START RECORDED DATA

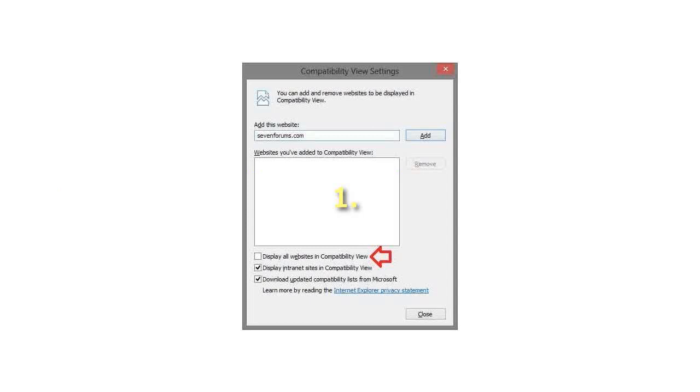Step 4: To display all websites in Compatibility View. A. Check the Display all websites in Compatibility View box, and click on the Close button. See screenshot below. When this option is checked, the Display Internet Sites in Compatibility View option will be grayed out.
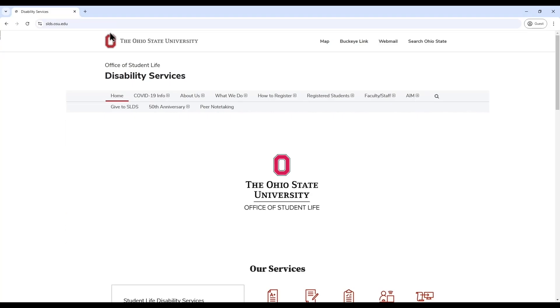Hello, and welcome to a tutorial on using the Accessible Information Management System, referred to as AIM, hosted by The Ohio State University's Student Life Disability Services or SLDS. In this video, we'll be demonstrating the first step in the process of requesting accommodations: sending your course accessibility letters to instructors.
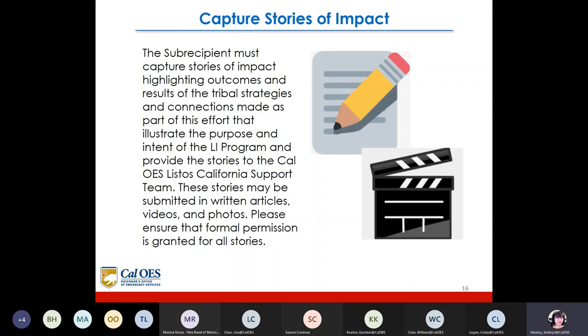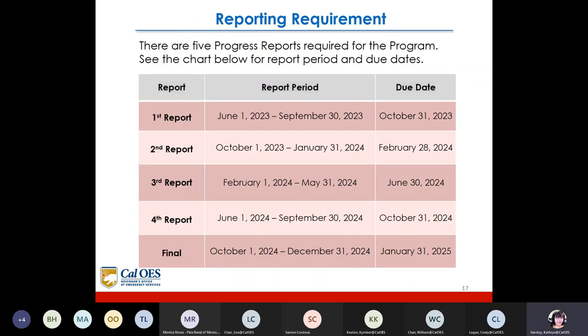Please ensure that formal permission is granted for all stories. Regarding reporting requirements, there are five progress reports required for the program. The first reporting period — June 1, 2023, through September 30, 2023 — is due with a 30-day grace period on October 31, 2023. It is recommended to submit at the beginning of the month to avoid reminders from the Listos team. Please complete it by the first part of October.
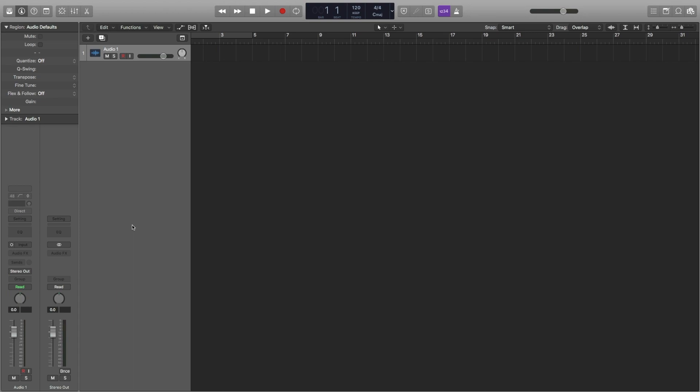Here I'm using Logic Pro 10.4.8 and MPC software 2.9.1. So assuming you've installed the AU plugin and your MPC is connected via USB and your MPC is in controller mode,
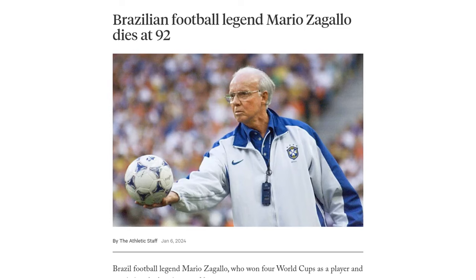Sad news for the football world today, as Brazilian football legend Mario Zagalo has passed away at the age of 92. Zagalo was a true icon of the sport, having won four World Cups as both a player and a coach.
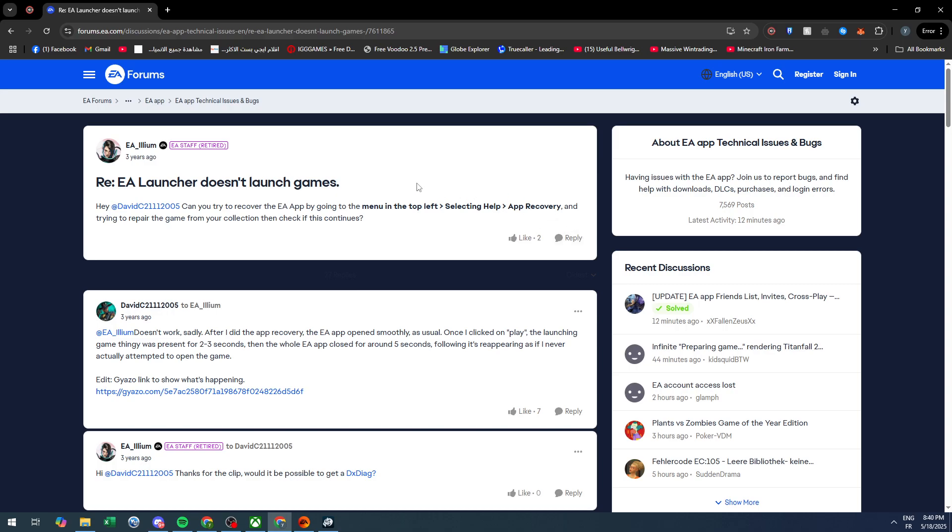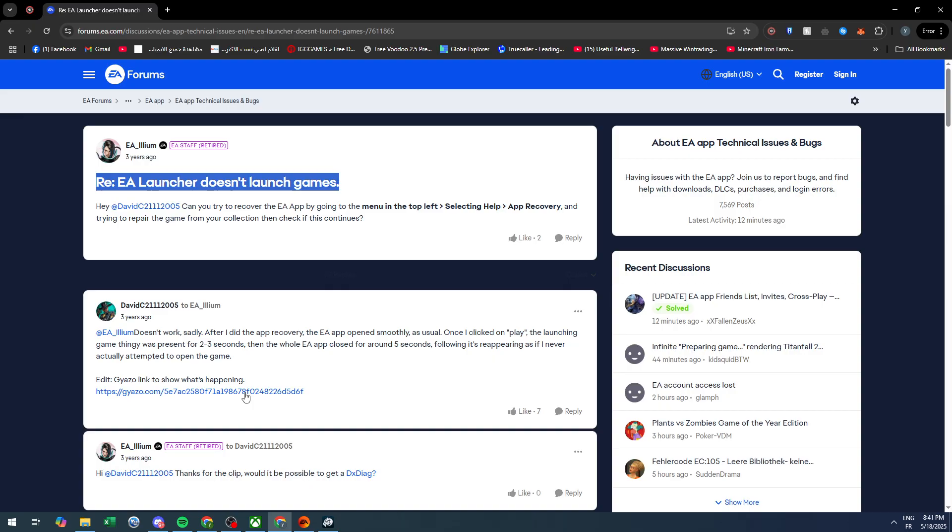Hello everyone and welcome back to a brand new video. In today's tutorial, I will be showing you the problem that has caused many people issues: the EA launcher doesn't launch games. This problem has prevented many people from having their games launch, and they might lose the fun of their games.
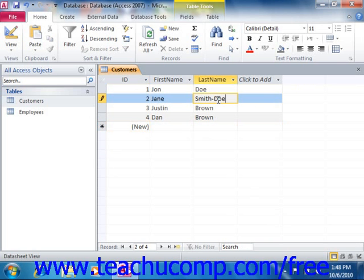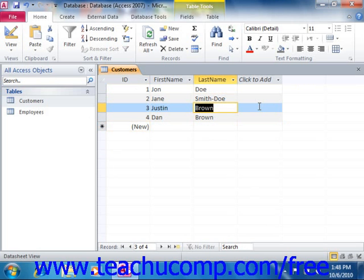Now to save the changes, simply exit the cell. Changes to the data in a table are automatically saved after you make them. You only need to click the Save button in the quick access toolbar after making a structural change to a table, such as widening a column's display or adding or deleting columns of information within the table design view.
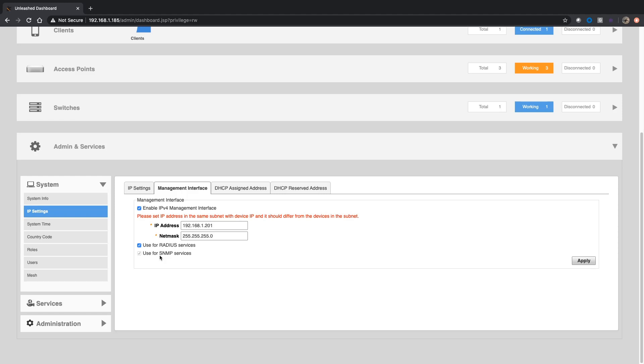Why that's important is on the RADIUS server in particular, you need to assign who the allowed devices are that are allowed to talk to that RADIUS server. So in this case, all we need to assign now is 192.168.1.201 instead of having to build RADIUS rules for each physical IP, each access point's IP. Really, that's all we have to do, and then we apply that. It takes a couple of seconds to apply.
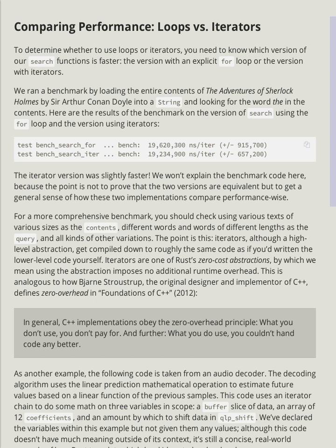Comparing performance: loops versus iterators. To determine whether to use loops or iterators, you need to know which version of our search functions is faster—the version with an explicit for loop, or the version with iterators.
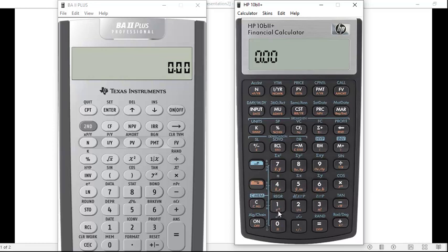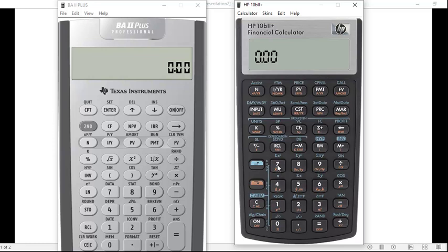When I looked at the quick start guide, they said to clear memory it's the blue shift key, C, and one. For the cash flow worksheet it's zero, for the break-even worksheet it's four, and for the bond worksheet it's seven. It's written in blue right next to the keys: zero is cash flow, one is TVM, four is break-even, and seven is the bond worksheet.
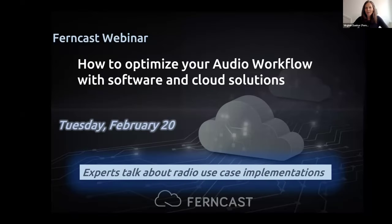Hi everybody, welcome to FanCast webinar on audio workflow optimization. I'm really pleased to welcome you today. We have many FanCast experts on board. They will showcase Xtreme Software, our software solution for radio applications.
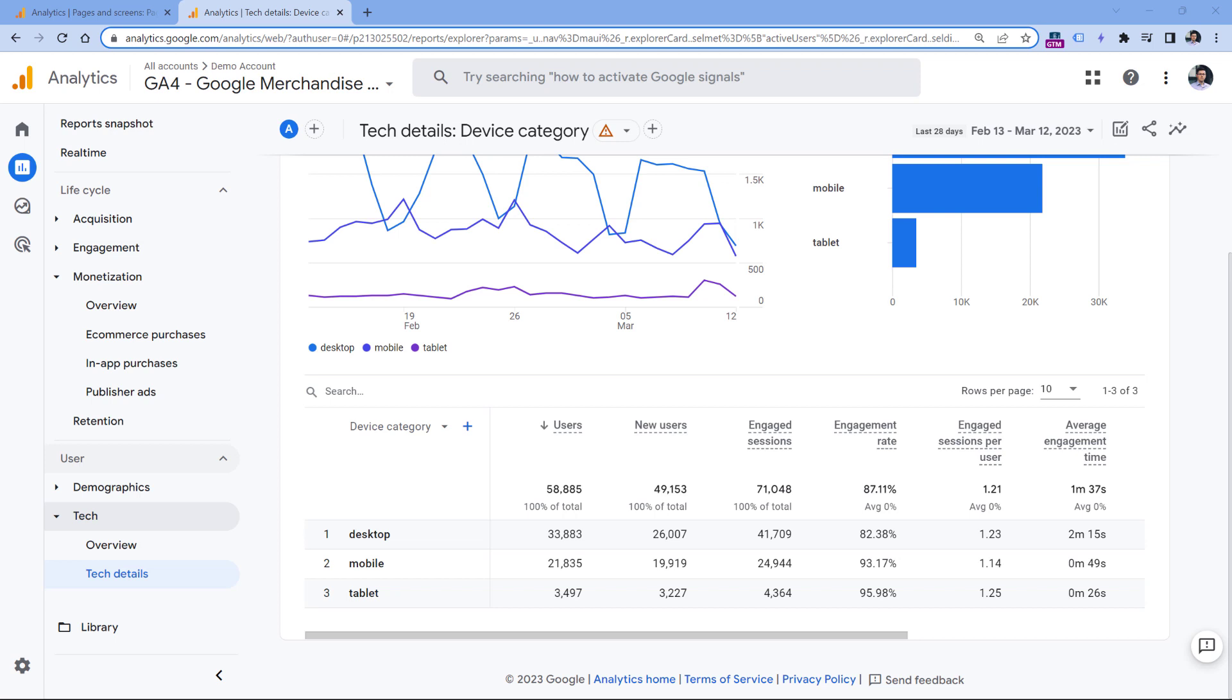First of all, try to avoid custom dimensions that have a lot of unique values. For example, you might be tempted to send user IDs with every event. But if you have, let's say, 5000 logged-in users per day, this means that the cardinality of that dimension will be 5000. And I'm talking about just one day.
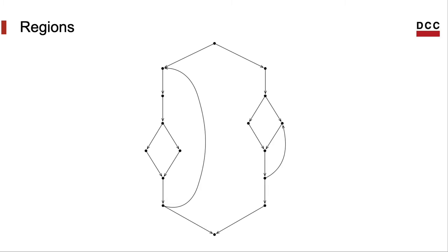So, for instance, if this graph is the control flow graph of a program, then we can identify multiple regions like that with a single entry node and a single exit node.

END RECORDED DATA

REQUIRED WORK: Among the entries above, take the line with "Now to save", the line with "Why that's important", and all the lines between them, and restate them word for word without pictures.

RESPONSE:
Now to save the changes, simply exit the cell. Changes to the data in a table are automatically saved after you make them. You only need to click the Save button in the quick access toolbar after making a structural change to a table, such as widening a column's display or adding or deleting columns of information within the table design view.
Why that's important is on the RADIUS server in particular, you need to assign who the allowed devices are that are allowed to talk to that RADIUS server. So in this case, all we need to assign now is 192.168.1.201 instead of having to build RADIUS rules for each physical IP, each access point's IP. Really, that's all we have to do, and then we apply that. It takes a couple of seconds to apply.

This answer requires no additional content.